Feminist jurisprudence comes in many varieties which are essentially a lifeworld, or


worldview. At its simplest, feminism seeks equity, autonomy, and liberty. Liberal feminism (sometimes called second-wave feminism) asserts that history and law are characterized by male domination. Radical feminism abandons maleness as a reference point altogether. To

mention some names, Catherine MacKinnon and Andrea Dworkin (not to be confused with Ronald Dworkin, a proponent of precedent theory) are notable for their drafting of a Model Antipornography ordinance. Lenore Walker also wielded great influence in getting the battered wife syndrome accepted by courts. Susan Estrich is also widely known for her work on rape law reform.
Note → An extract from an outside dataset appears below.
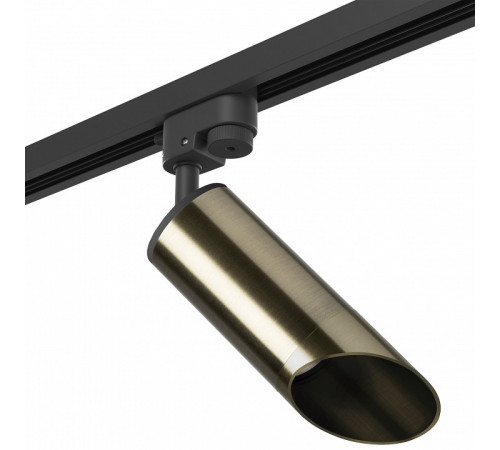 Трековый светильник Lightstar Rullo R1T431431 (214431+592057+201431)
Critical legal studies (often abbreviated CLS) is an approach which believes that the
logic and structure attributed to law grow out of the power relationships in society. Law is nothing more than a mere collection of beliefs and prejudices which legitimize the injustices of society. CLS, as a whole, aims to overturn the hierarchical structures of society, and would like to see the law used as a tool for this. CLS draws from many sources -- feminism, Marxist, poststructuralism, postmodernism, deconstructionism -- and some of its leading exponents are Roberto Unger, Robert Gordon, Morton Horwitz, and Duncan Kenney. There's also subfields of CLS called critical race theory (CRT) which is concerned with the role of race in law, and critical race feminism, which is concerned with the impact of the legal system on women of color. Unger's analysis, for example, finds that judges exercise discretion in ways that favor capitalists over workers, men over women, teachers over students, adults over children, and whites over nonwhites.